## What you will do
In the entries below, begin at the line that has "Happy Camp Mobile" and stop after the line that has "清 雍正-矾红釉描金大吉葫芦瓶图片素材"; output those lines exactly, leaving out pictures.

## Material provided
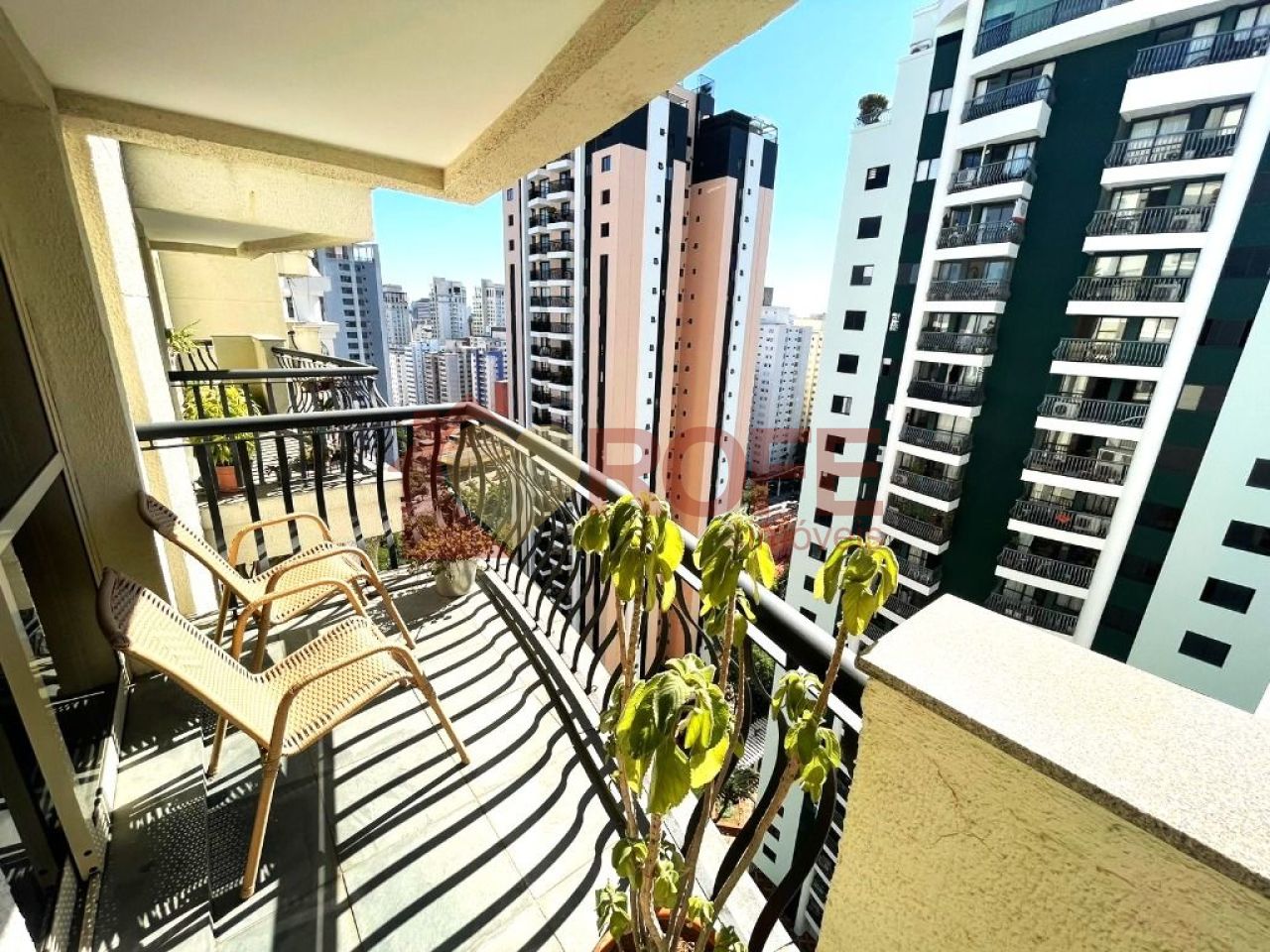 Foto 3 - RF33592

---

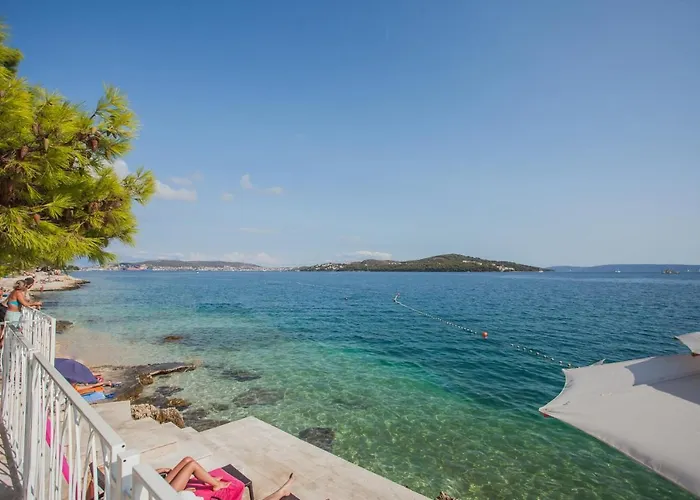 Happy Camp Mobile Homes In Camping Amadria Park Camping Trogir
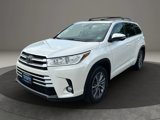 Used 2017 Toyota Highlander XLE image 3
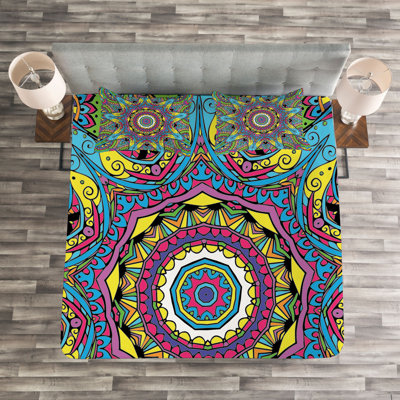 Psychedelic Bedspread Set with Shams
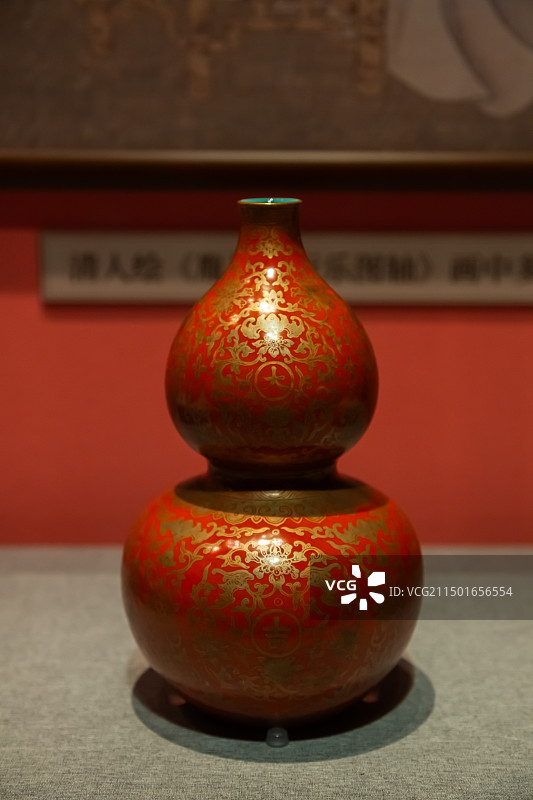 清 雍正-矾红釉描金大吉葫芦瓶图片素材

## Response to this exercise
 Happy Camp Mobile Homes In Camping Amadria Park Camping Trogir
 Used 2017 Toyota Highlander XLE image 3
 Psychedelic Bedspread Set with Shams
 清 雍正-矾红釉描金大吉葫芦瓶图片素材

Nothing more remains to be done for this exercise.